Useful and interesting gardening information

A WEEK of rain has provided the chance to clear accumulated cuttings and notes from the desk.

So while the plants have been enjoying an end of March drunken orgy imbibing cool fresh rain I have rediscovered the following snippets of information that could be of interest to readers.

  1. The proposed EU seed regulation that was to restrict the free or charged exchange of non-officially registered flower fruit and vegetable seeds has been withdrawn after negative responses by gardening and organic gardening organisations.

One of the things it would have done is to make it difficult to obtain heritage seeds that had never been seriously commercialised by the agricultural and horticultural industries.

But we now need to wait to see what modified legislation is proposed.

  2. Ensure that you have sheltered places for enjoying the winter sun as it has been recently determined that many persons are seriously undernourished in Vitamin D, in fact by up to 90 per cent if following currently the widely recommended daily amounts, RDA.

The magazine WDDTY suggests that regular short sunbathes without suntan lotion appear to be the best way of regularly topping up Vitamin D reserves.

  3. A recent press statement suggested that since some sectors of the agricultural industry in Spain make a profit EU grant aided support to Spain will be reduced.

This could lead to a further contraction in the availability of a diversity of healthy freshly harvested ecologically produced vegetables and herbs to the general public.

So the message continues to be grow your own.

Nothing has really changed since we were stimulated to write the two best selling books ‘Growing healthy fruit in Spain’ and ‘Growing healthy vegetables in Spain’ some 15 years ago.

  4. A recent report ‘Organic versus non-organic’ sponsored by the Soil Association, one of the most important licensing organisations for organic agriculture, concludes that organically grown produce contains a greater percentage of beneficial antioxidants and lower levels of undesirable cadmium (an undesirable heavy metal) and pesticide residues and are therefore of a higher nutritional value.

So again, if you are concerned about the way your food is grown, processed, transported, stored and displayed for sale consider growing some of your own alone or in cooperation with neighbours or other members of the family, as used to happen widely in Spain.

Due to the absence of organic produce in local wholesale markets our local green grocer has started to grow organic vegetables for sale in his store and for his brother’s Michelin Star restaurants.

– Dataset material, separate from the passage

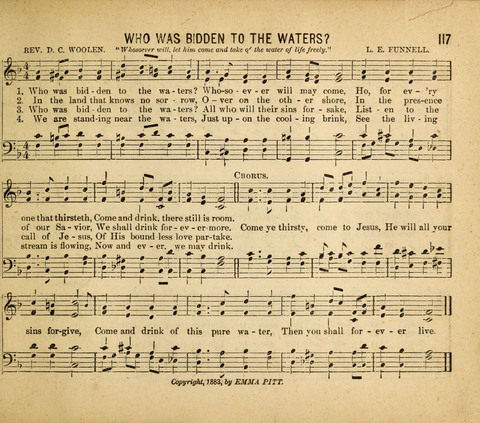 Gospel Light: for the Sunday school, a new collection of songs and services page 117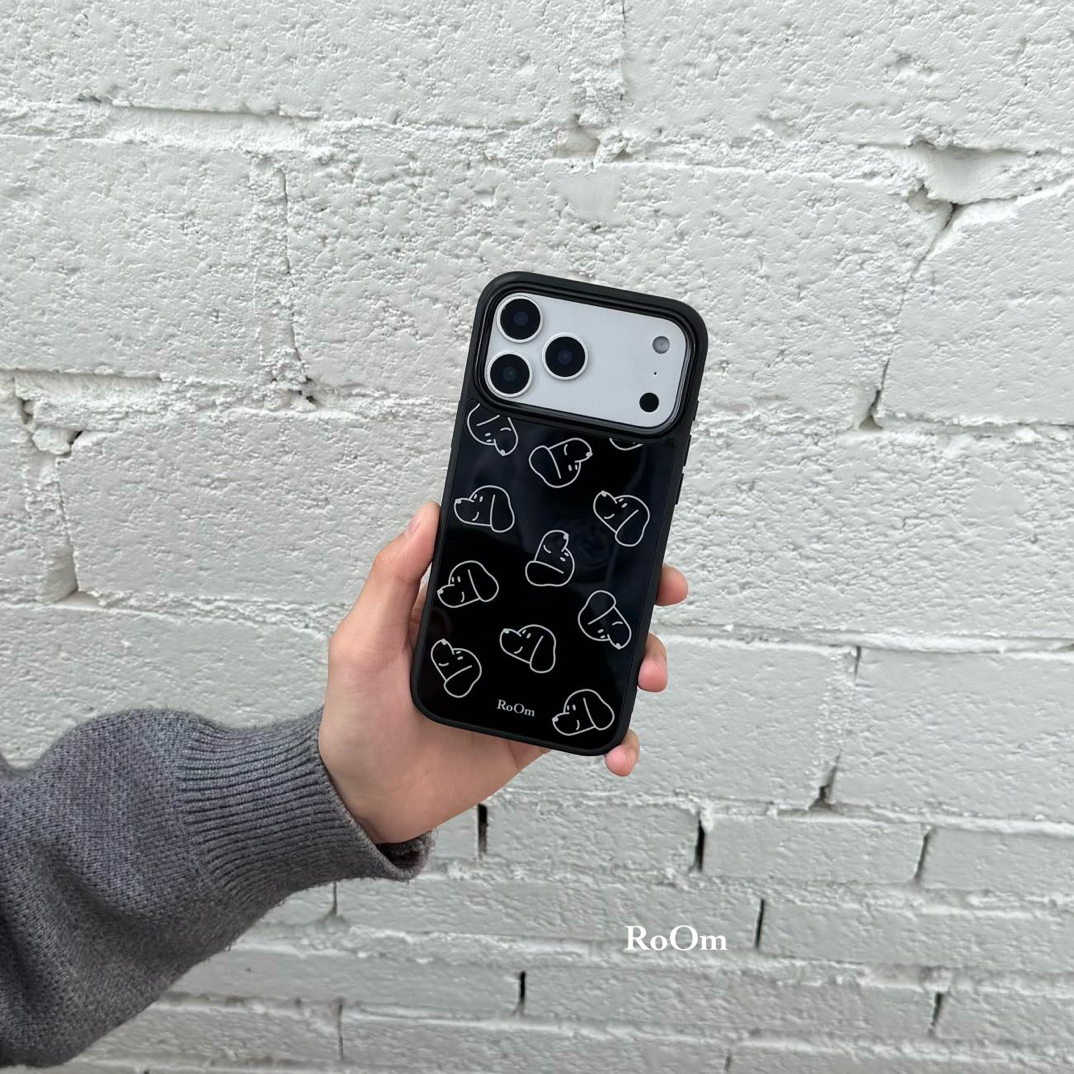 Theearthroom简约满铺狗头全包手机壳 亮面磁吸手机壳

Interestingly Raymond Blanc who grows several acres of vegetables and herbs for the kitchen of his renowned and extremely expensive Belmond Le Manoir aux Quatre Saisons Restaurant in Oxfordshire is a vice president of the Garden Organic organisation (originally the HDRA organisation).

I hope that some of this up-to-date information is of interest and use to you.

Also that your garden is both colourful and productive for what I hope is a sunny Easter.